Sistem proporsional dikritik PGI karena mengedepankan voting dibanding musyawarah. Voting dianggap menghilangkan spirit bangsa kita untuk musyawarah. Pada poin ini, Ace sepakat masalah kehidupan keagamaan diselesaikan lewat musyawarah mufakat.

"Nah, soal pendirian rumah ibadah, seharusnya pendekatan yang digunakan bukan semata-mata pendekatan kuantitatif dan proporsionalitas, tetapi lebih baik diselesaikan melalui pendekatan musyawarah antara masyarakat di lingkungannya," kata Ace.

"Pendekatan kuantitatif berpotensi selalu melahirkan siapa yang banyak akan lebih mendominasi dari pada yang sedikit. Padahal, dalam soal kehidupan keagamaan, kita harus berangkat dari prinsip dasar sebagaimana yang diatur konstitusi kita bahwa semua memiliki hak sama sebagai warga negara," tambahnya.

Dalam SKB dua menteri, PGI juga menyoroti soal peran Forum Kerukunan Umat Beragama (FKUB). Menurutnya, izin pendirian tempat ibadah tidak berpatok pada rekomendasi FKUB, melainkan berdasarkan otoritas negara.

Ace menilai kehadiran FKUB tetap penting utamanya sebagai wadah musyawarah antara pemuka agama. Dia mengatakan jika FKUB optimal, masalah antarumat beragama bisa ditekan.

"Namun soal keberadaan FKUB, menurut saya tetap penting sebagai wadah untuk musyawarah antara pemuka agama. FKUB ini merupakan wadah bagi para tokoh-tokoh agama untuk membahas berbagai persoalan keagamaan. Dengan optimalnya peran FKUB maka dari sejak awal potensi masalah antarumat beragama akan lebih terantisipasi dalam sejak dini sehingga dapat dicarikan jalan keluarnya," beber Ace.

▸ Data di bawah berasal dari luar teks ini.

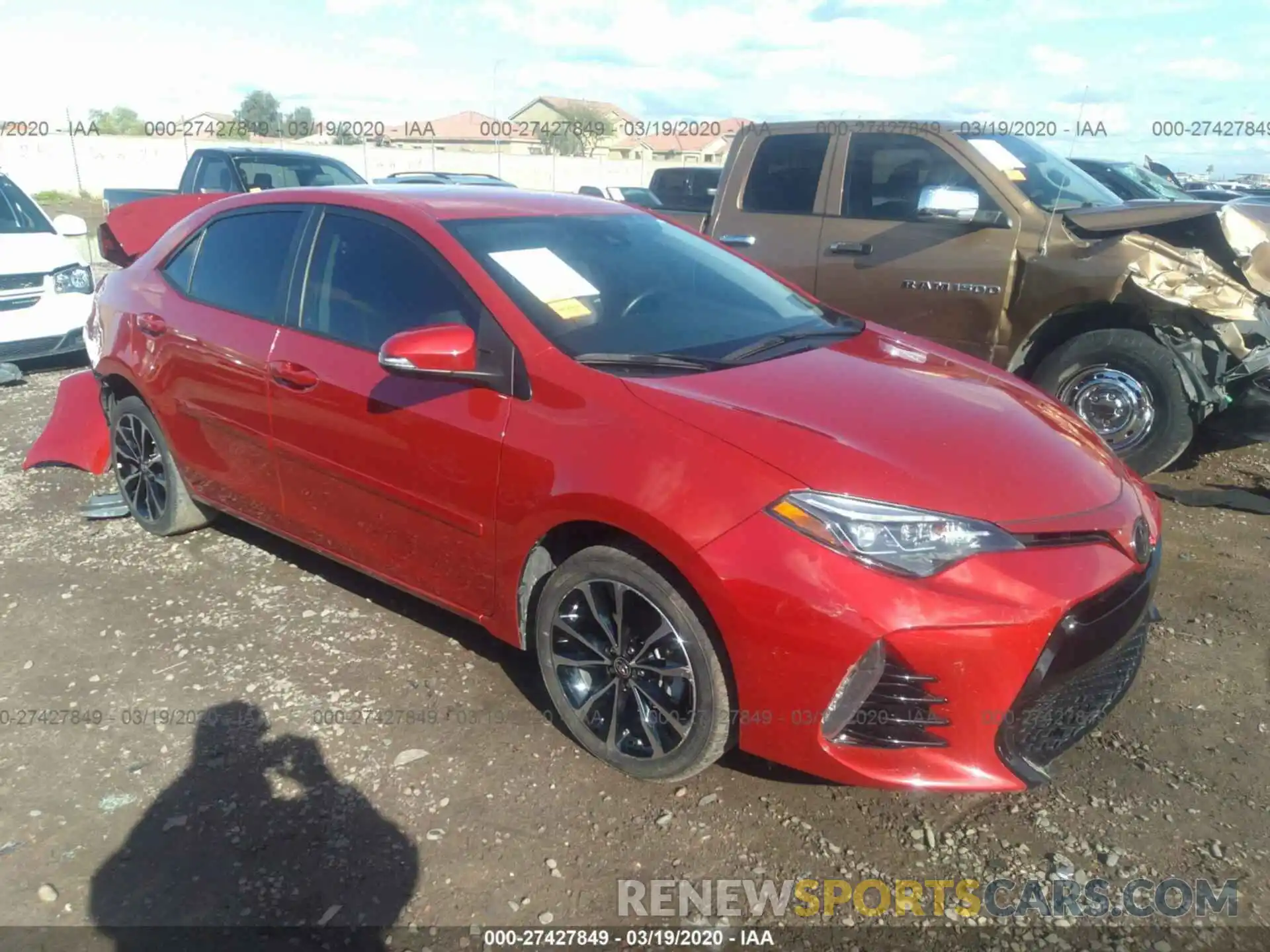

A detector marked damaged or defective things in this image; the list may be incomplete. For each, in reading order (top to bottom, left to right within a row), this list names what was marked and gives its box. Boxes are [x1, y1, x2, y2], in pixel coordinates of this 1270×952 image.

crashed vehicle [30, 184, 1159, 788]
crashed vehicle [659, 123, 1270, 473]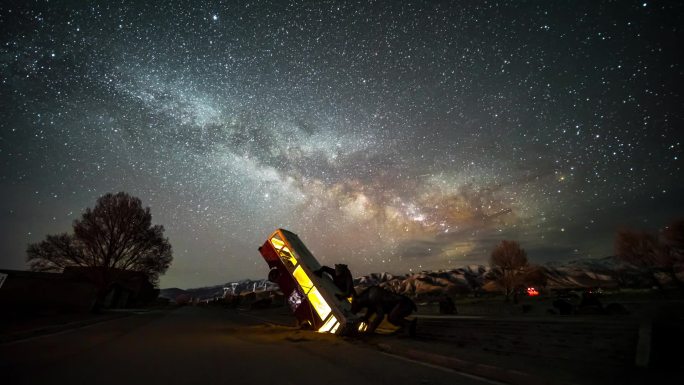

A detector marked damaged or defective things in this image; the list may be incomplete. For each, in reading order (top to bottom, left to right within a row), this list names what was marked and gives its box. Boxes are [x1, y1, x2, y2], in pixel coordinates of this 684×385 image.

overturned school bus [258, 228, 364, 332]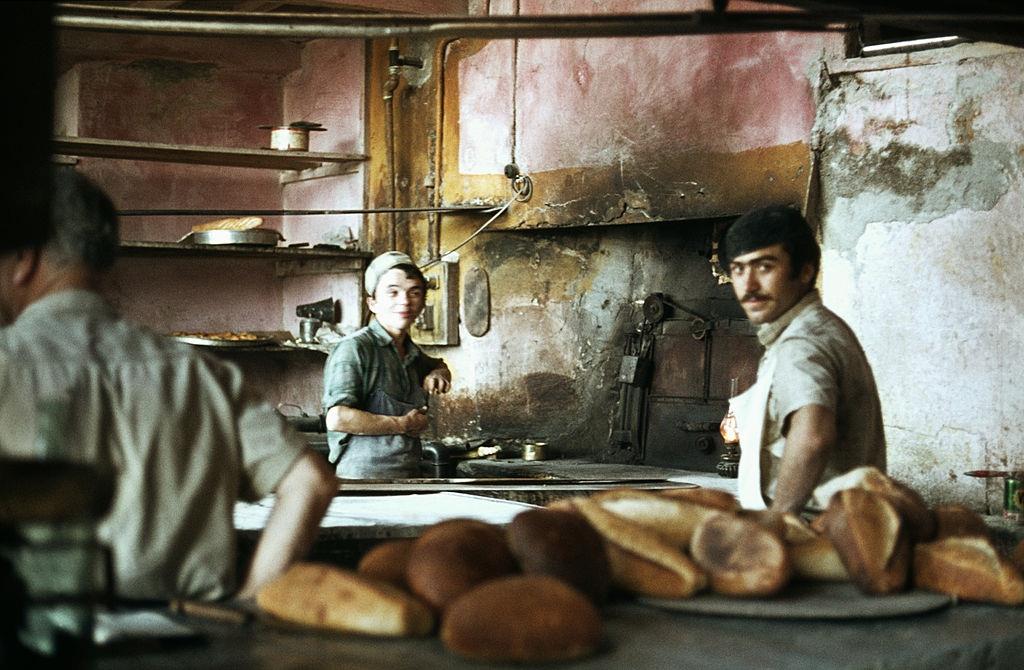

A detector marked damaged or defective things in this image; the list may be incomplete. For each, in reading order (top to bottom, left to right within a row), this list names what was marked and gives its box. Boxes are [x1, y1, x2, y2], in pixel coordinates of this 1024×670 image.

peeling plaster wall [815, 44, 1024, 512]
cracked wall [815, 43, 1024, 514]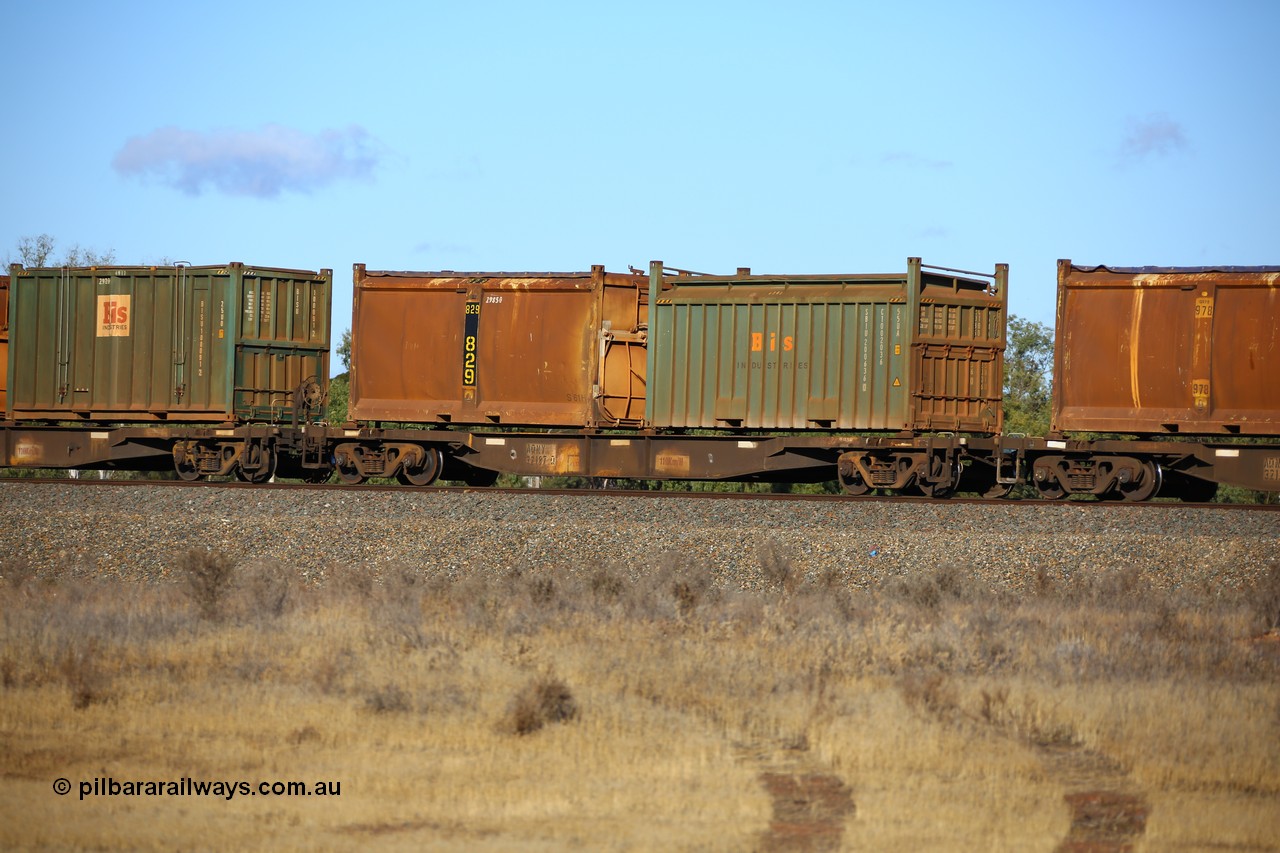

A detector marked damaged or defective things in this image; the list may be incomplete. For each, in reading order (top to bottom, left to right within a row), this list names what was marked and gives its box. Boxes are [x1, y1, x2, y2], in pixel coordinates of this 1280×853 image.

Diketahui, berdasarkan SKB dua menteri nomor 8-9/2006, pendirian rumah ibadah wajib memenuhi persyaratan administratif dan persyaratan teknis bangunan gedung. Selain itu, harus memenuhi persyaratan khusus, meliputi:

1. Daftar nama dan kartu tanda penduduk pengguna rumah ibadat paling sedikit 90 orang yang disahkan oleh pejabat setempat sesuai dengan tingkat batas wilayah;
2. Dukungan masyarakat setempat paling sedikit 60 orang yang disahkan oleh lurah/kepala desa;
3. Rekomendasi tertulis kepala kantor departemen agama kabupaten/kota; dan
4. Rekomendasi tertulis Forum Kerukunan Umat Beragama kabupaten/kota.